Menabur untuk Menuai

K. Tatik Wardayati

Editor

Menabur untuk Menuai
Menabur untuk Menuai

Intisari-Online.com – Alkisah, ada sebuah rumah yang paling indah di kota, dan orang sangat menyukai rumah itu. Banyak orang bersiap untuk membeli dengan harga berlipat untuk rumah itu, tapi pemiliknya selalu tidak pernah setuju untuk harga yang ditawarkan dan sekarang, rumah itu terbakar di depan matanya!

Ribuan orang telah berkumpul, tetapi tidak ada yang bisa dilakukan, api telah menyebar begitu jauh meski begitu banyak orang mencoba untuk memadamkannya. Alhasil rumah itu tidak terselamatkan. Pria itu menjadi sangat sedih.

Anaknya datang berjalan menghampiri pria itu dan membisikkan sesuatu di telinganya, “Jangan khawatir, saya telah menjualnya kemarin dengan harga yang sangat bagus, tiga kali lipat! Tawaran itu begitu baik sampai saya tidak bisa menunggu Bapak. Maafkan saya.”

Ayahnya berkata, “Terima kasih Tuhan, itu bukan miliki kita sekarang!” Kemudian pria itu santai dan menjadi pengamat seperti seribu orang lainnya.

Bayangkan! Ini adalah rumah yang sama, apinya, semuanya sama, tapi sekarang ia tidak peduli. Bahkan mulai menikmati sama seperti orang lain di keramaian.

Kemudian anaknya yang kedua datang berlari dan ia berkata kepada ayahnya, “Apa yang Ayah lakukan? Tersenyum saat rumah terbakar?”

Ayahnya berkata, “Apakah kamu tidak tahu, saudaramu telah menjualnya.”

Anaknya yang kedua berkata lagi, “Kami baru mengambil uang mukanya, belum terselesaikan sepenuhnya. Saya rahu sekarang apakah orang itu akan membelinya sekarang.”

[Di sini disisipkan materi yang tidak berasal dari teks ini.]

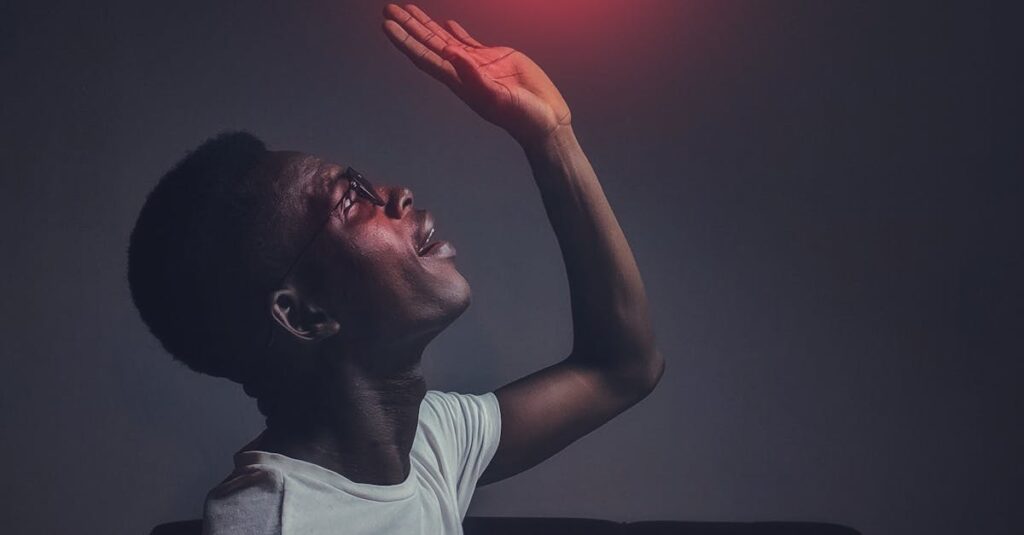 A man sits indoors reaching towards a glowing social media notification icon.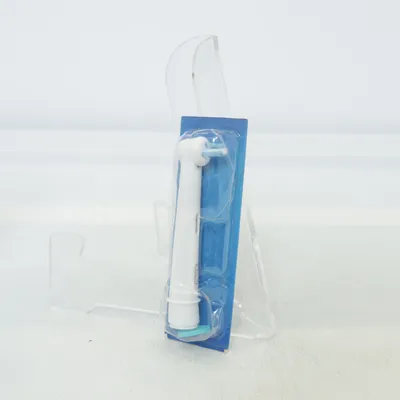 Toothbrush head (White) from Oral-B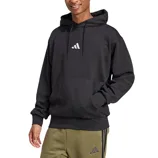 Man wearing a black hoodie with a small logo on the front, paired with olive green sweatpants featuring a similar logo.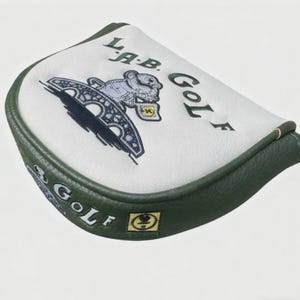 May include: White and green golf club head cover with embroidered text and graphics. The cover features the text "L.A.B. GOLF" and a stylized illustration of a bridge and a bear. The edges are green.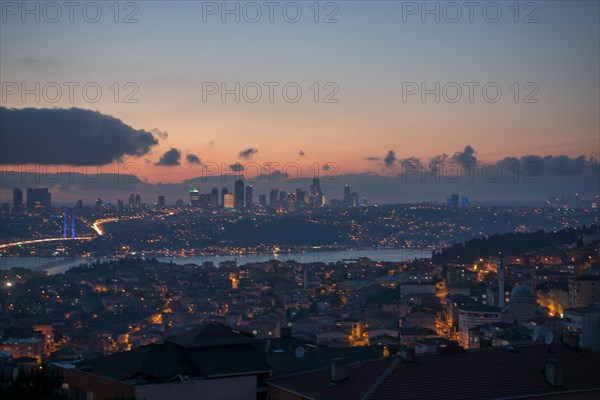 Istanbul cityscape below clouds during the evening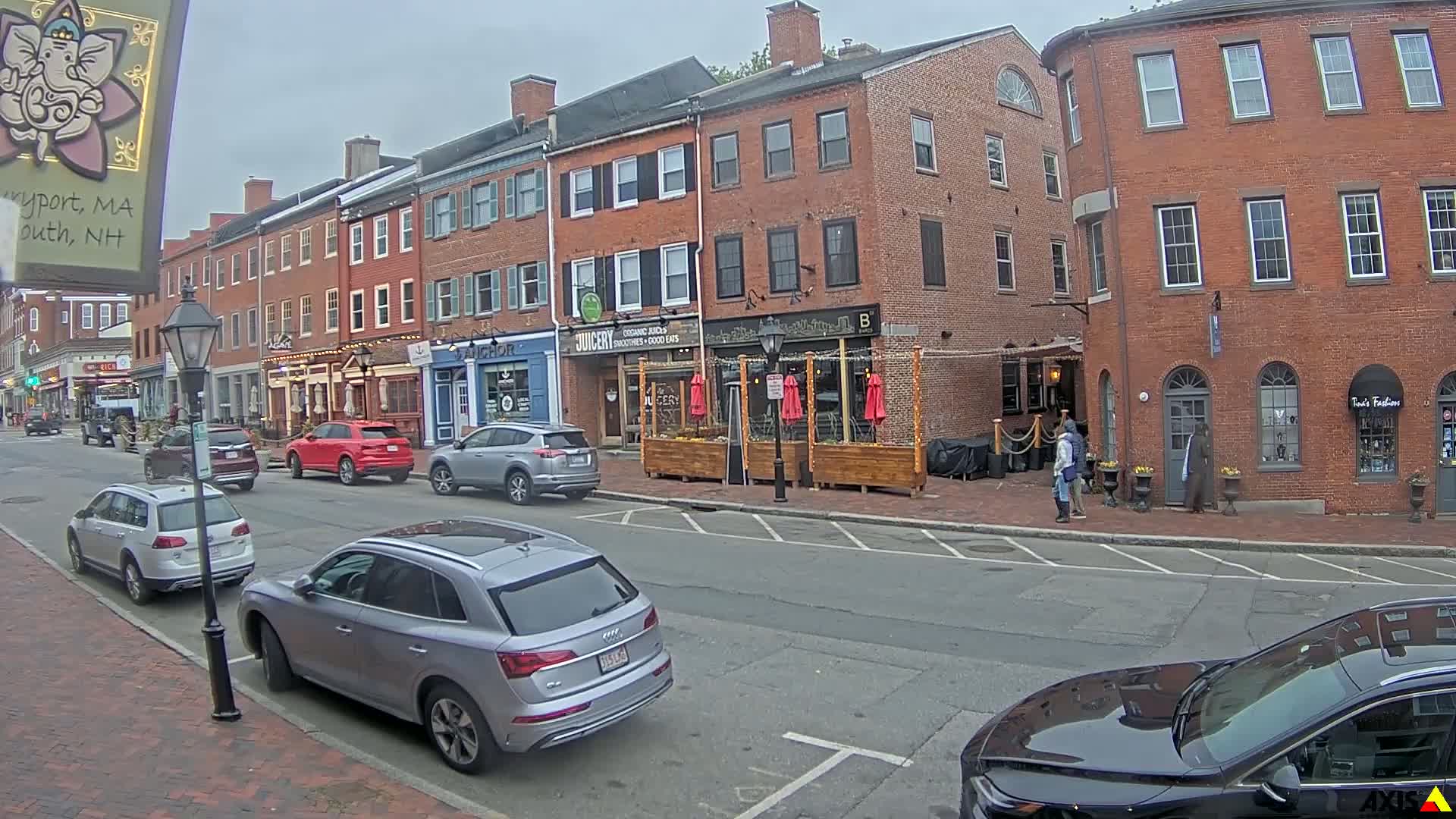 A street scene on an overcast day shows several parked cars in front of brick buildings with various shops and restaurants, including one with outdoor seating.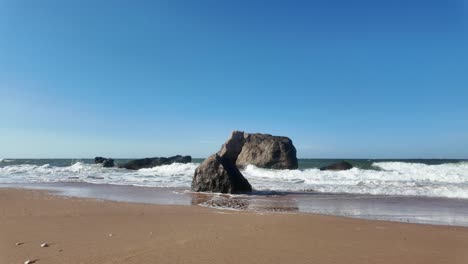 Waves-gently-crash-against-the-sandy-beach,-revealing-stunning-rock-formations-under-a-clear-blue-sky-in-Crimea-by-the-Sea-of-Azov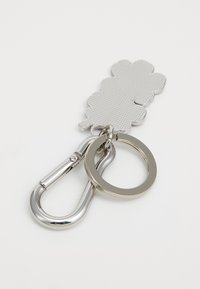Silver keychain featuring a textured cloud shape, attached to a carabiner and a round keyring, all in polished metal.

Sekali lagi, semuanya berubah!

Air mata yang tadi menghilang, kini kembali ke mata sang ayah. Senyumnya tidak lagi terlihat, jantungnya berdetak cepat.

Kemudian anak ketiga datang, dan katanya, “Tadi ada seorang laki-laki yang datang menyampaikan pesan. Katanya, tidak peduli apakah rumah itu terbakar atau tidak, itu milik saya. Dan saya akan membayar harga yang telah disepakai. Anda atau saya tidak akan pernah tahu bahwa rumah akan terbakar.”

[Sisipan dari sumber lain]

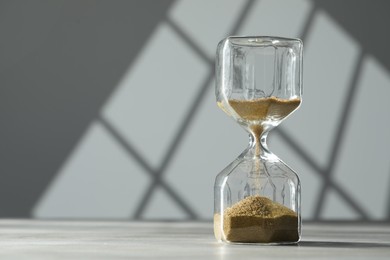 Photo of Hourglass with flowing gold sand on table against white wall, space for text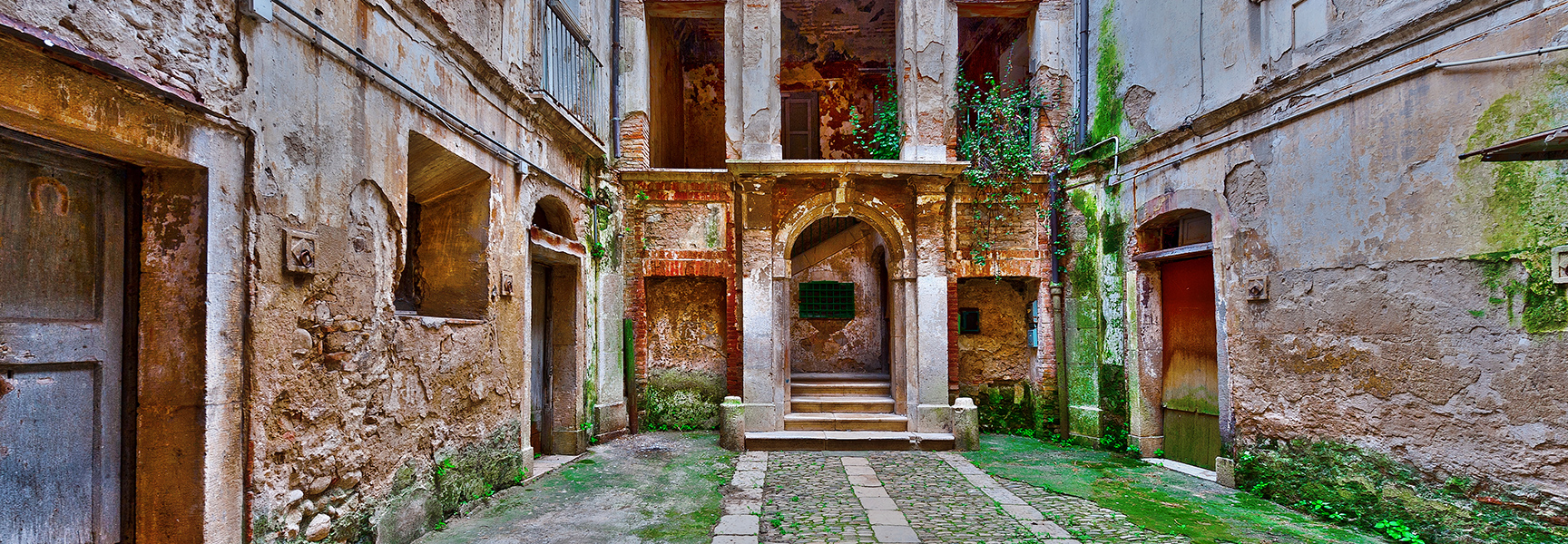 An old, weathered stone courtyard in Minori on the Amalfi Coast of Italy, with moss-covered walls and a central arched doorway.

Sekali lagi sukacita menghampiri keluarga itu. Dan kemudian mereka kembali memandangi rumah mereka yang telah menjadi abu.

Sebenarnya, tidak ada yang berubah. Hanya perasaan bahwa “Saya adalah pemilik! Saya bukan pemilik rumah!” yang membuat seluruh perbedaan.

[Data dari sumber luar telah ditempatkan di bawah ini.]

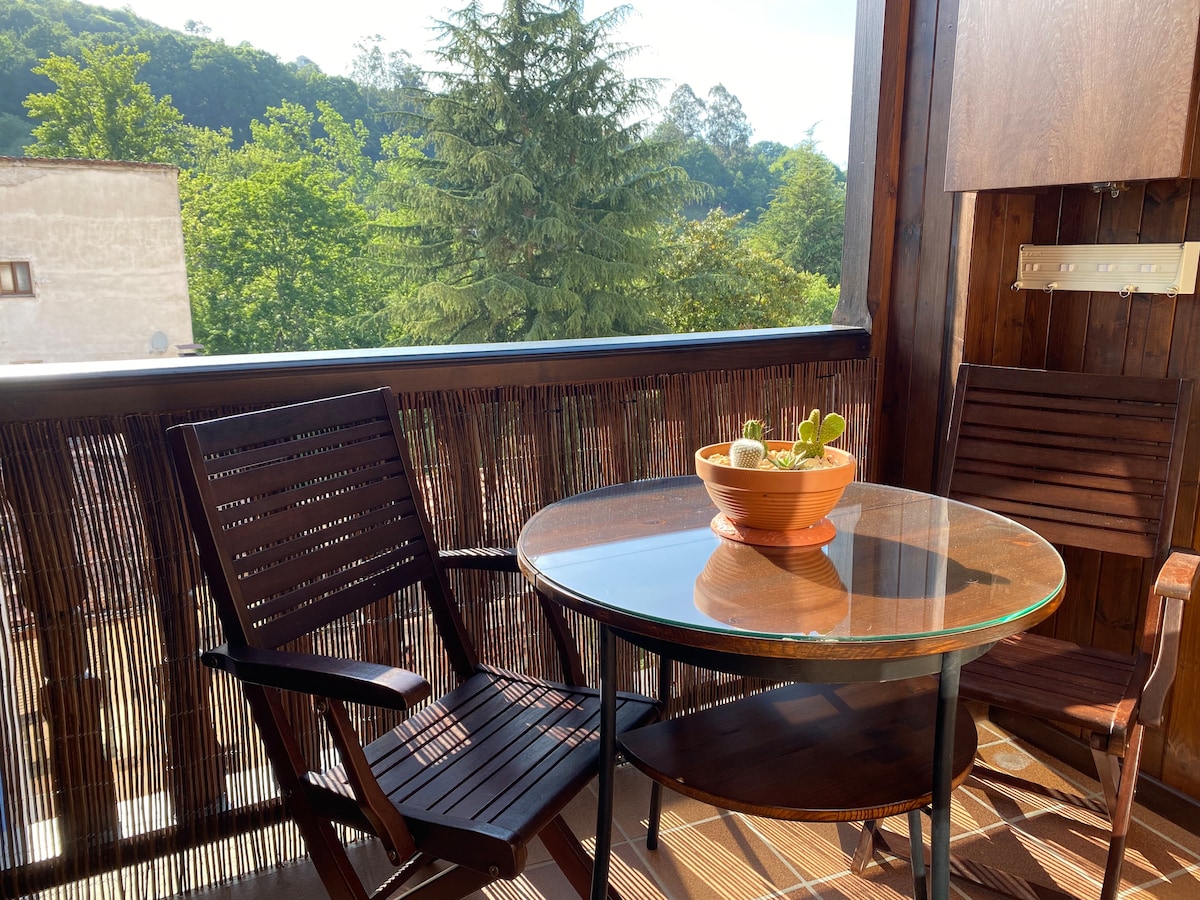 A bright terrace area features a round glass table accompanied by two wooden chairs. A potted plant with vibrant greenery occupies the center of the table. Lush trees and hills provide a scenic backdrop, enhancing the outdoor space.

Sebagian besar pengalaman bukan milik kita tapi dari orangtua, guru, teman, buku-buku, film, televisi, surat kabar. Kita hitung berapa banyak pengalaman kita sendiri, dan kita akan terkejut bahwa tidak satu pun pikiran adalah kita sendiri. Semua berasal dari sumber-sumber lain, semua dipinjam, atau dibuang oleh orang lain, tapi tidak ada yang milik kita.

Menabur pikiran, maka kita akan menuai tindakan. Menabur tindakan, maka kita akan menuai kebiasaan. Menabur kebiasaan, maka kita akan menuai karakter. Menabur karakter, maka kita akan menuai nasib.